I suspect you may continue to get most of what you need with the API and save a few steps. And obviously, you could get a file with the API and write it do you desktop without DataMiner.

When I start doing daily rebalances I will probably want to figure out the API (which you have already done).

Obviously, Dan can add to this.

Jim

Tony,
As you said, DataMiner is built on top of the API. So anything you can do DataMiner could be done in the API if you have coding skills.
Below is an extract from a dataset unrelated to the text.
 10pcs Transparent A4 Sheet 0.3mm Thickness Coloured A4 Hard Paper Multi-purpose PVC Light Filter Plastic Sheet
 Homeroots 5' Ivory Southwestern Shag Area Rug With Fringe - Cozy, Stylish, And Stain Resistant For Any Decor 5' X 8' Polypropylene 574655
But even if you do have coding skills, DataMiner could be useful for things you dont need to do very often and save you time vs writing API scripts. For example, the data_universe operation in DataMiner has start date and end date parameters. So it makes it easy to retrieve the data for a date range and automatically write it to a csv file. The data_universe endpoint in the API has a AsOfDt parameter. So your API script has to generate the dates and loop thru them and write the results to a file. Not difficult for a programmer, but why waste the time writing it unless you were going to use it often or needed full automation of your process.
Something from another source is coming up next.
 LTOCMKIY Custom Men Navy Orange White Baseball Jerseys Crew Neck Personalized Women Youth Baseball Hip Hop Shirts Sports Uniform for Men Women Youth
The best way to see what DataMiner has to offer is to look at the articles in the Knowledgebase.

Walter,
Since you are using an existing ranking system, then the rank operations is the one you want to use.
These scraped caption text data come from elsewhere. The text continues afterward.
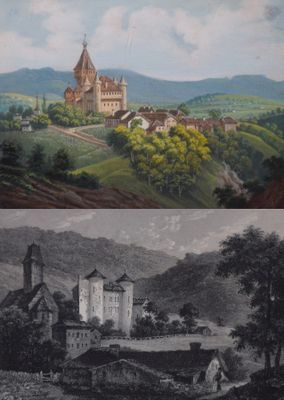 un tableau représentant un château au milieu d'une vallée et un tableau représentant un château au milieu d'une vallée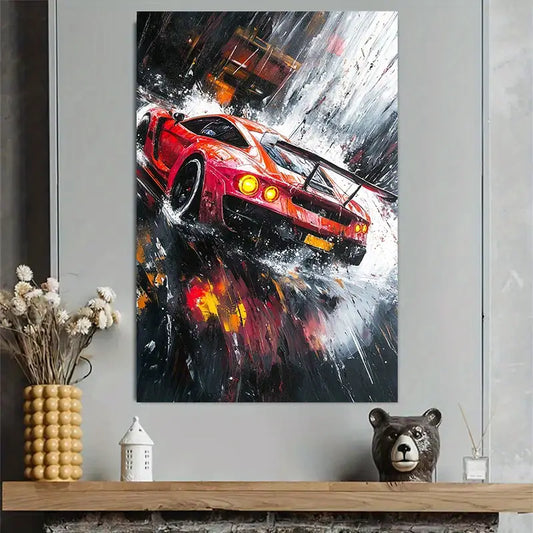 Red Sports Car Racing Scene Art Poster 40x60cm Metal Print Ready to Hang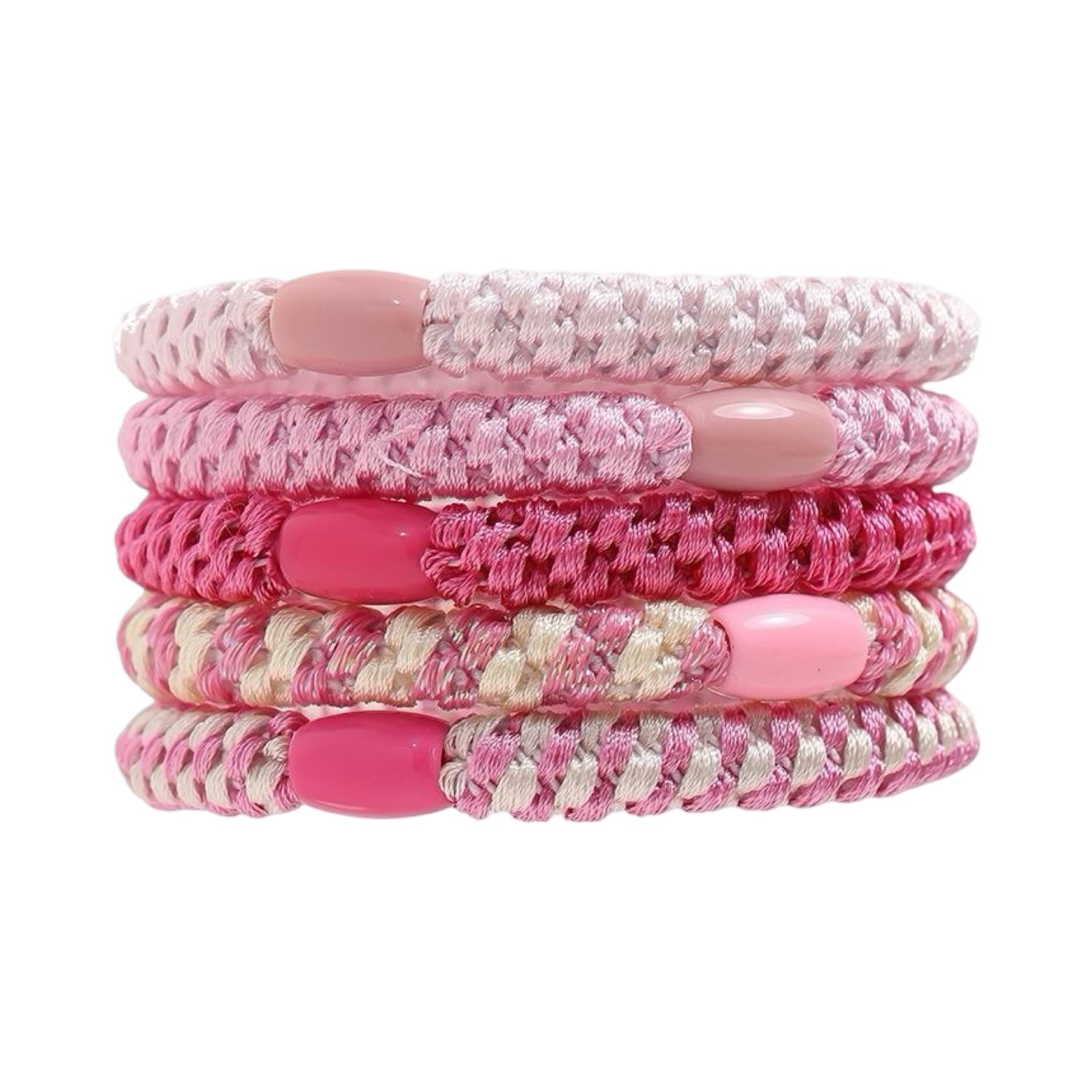 Haarelastiekjes en/of armbandjes Roze (5stuks)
DataMiner uses ‘Saturday’ As Of Dates as input. Like → Start Date: 2023-08-05
‘Saturday’ just means it is using the weekend data. This is the same data as you would get if you rebalanced on the website on Monday morning.

On the Ranks page on the web site, set the As Of Dt to Monday 8/7/23 and run it. Notice that when it is done it shows ‘As Of is 8/5/2023’.

But this is specifically for the case you described where you want ‘historical weekly ranks that occurred on Mondays’. If your case was that you wanted current weekday rank data as of today 8/11 then the API is not the same as running it on the site because the API has only weekly data (for now).

Thanks! That was the source of my confusion. I read the asofdate literally.

I do trust, but I will verify!

Update!

Dan, I do see the behavior you described regarding rank data and DataMiner d/l.

Thanks!